- [Task to complete]: Keep the pictures out of the copy and print all the entries below exactly.

Image-caption web data:
== Segment start ==
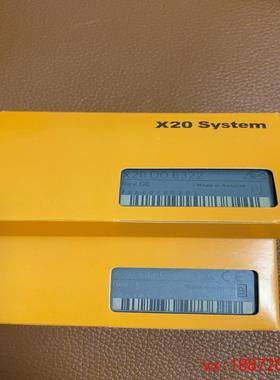 议价：X20DO6322 贝加莱带包装 实图拍摄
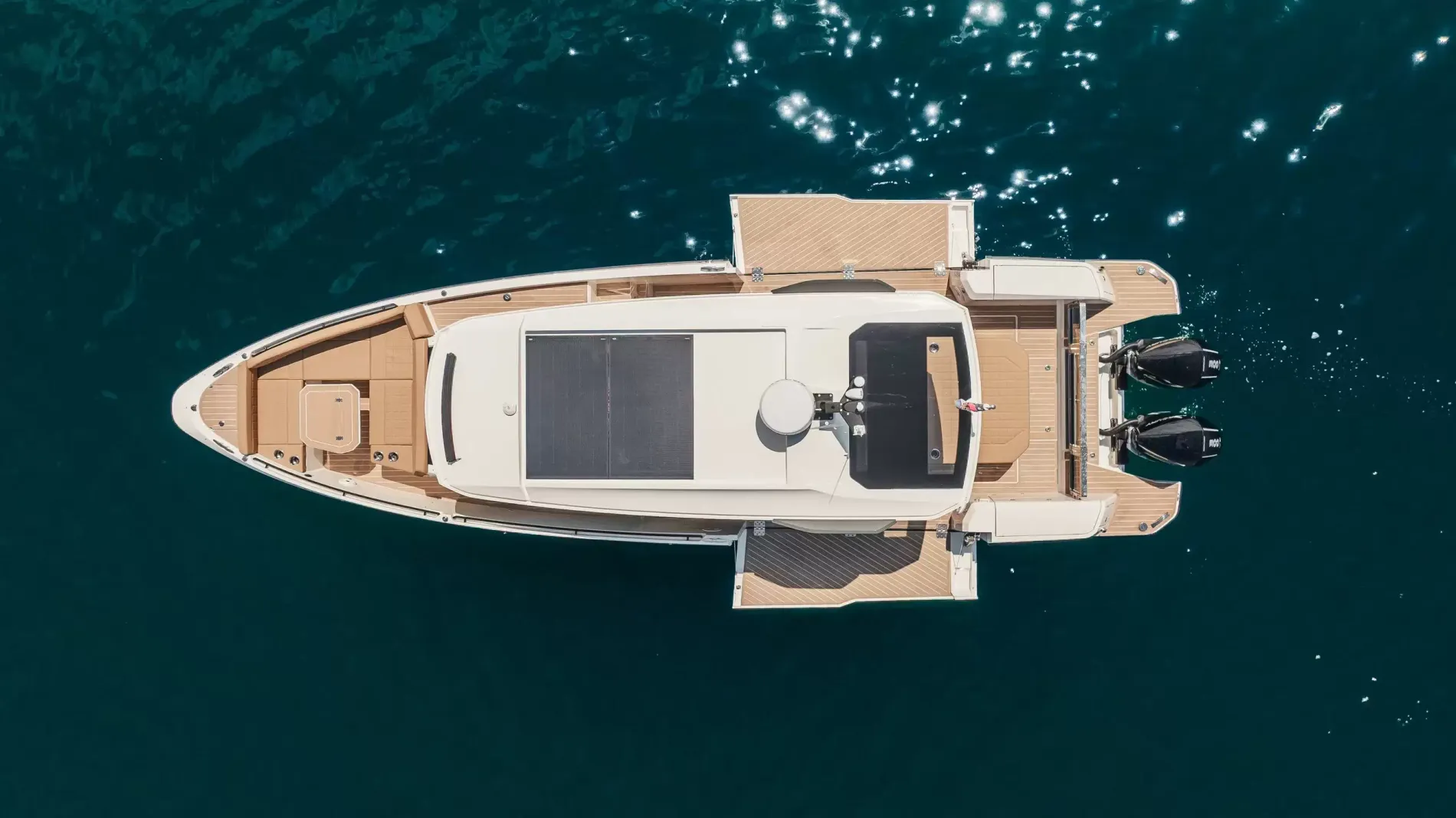 New 2027 Saxdor 340 GTWA for Sale | Vancouver, BC | M&P Yacht Centre | 6a6b9b58d5a8afc77a0a741b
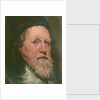 Inigo Jones (1573-1652) by William Dobson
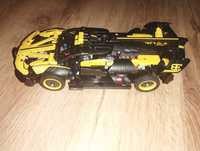 LEGO technic Bolid + ratrak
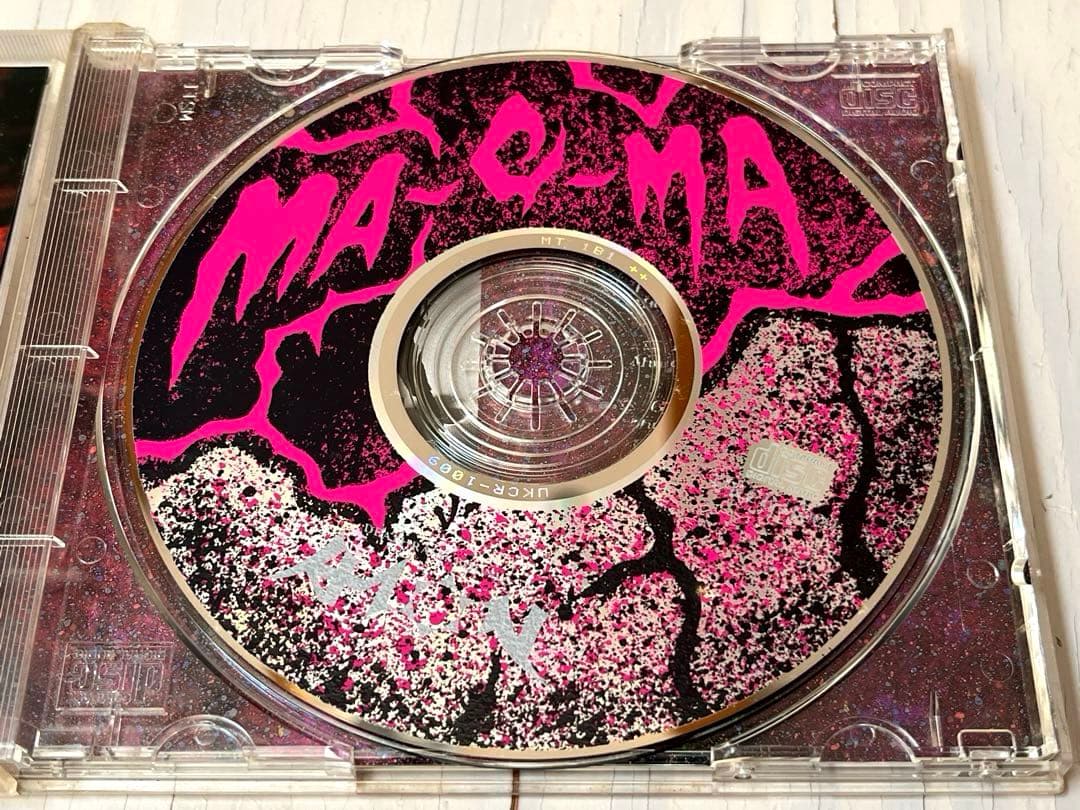 ⭐️希少　レア⭐️ AION 爆獣暴動GIG配布　FATALISMとMA-G-MA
== Segment end ==
- [Answer section]:
 议价：X20DO6322 贝加莱带包装 实图拍摄
 New 2027 Saxdor 340 GTWA for Sale | Vancouver, BC | M&P Yacht Centre | 6a6b9b58d5a8afc77a0a741b
 Inigo Jones (1573-1652) by William Dobson
 LEGO technic Bolid + ratrak
 ⭐️希少　レア⭐️ AION 爆獣暴動GIG配布　FATALISMとMA-G-MA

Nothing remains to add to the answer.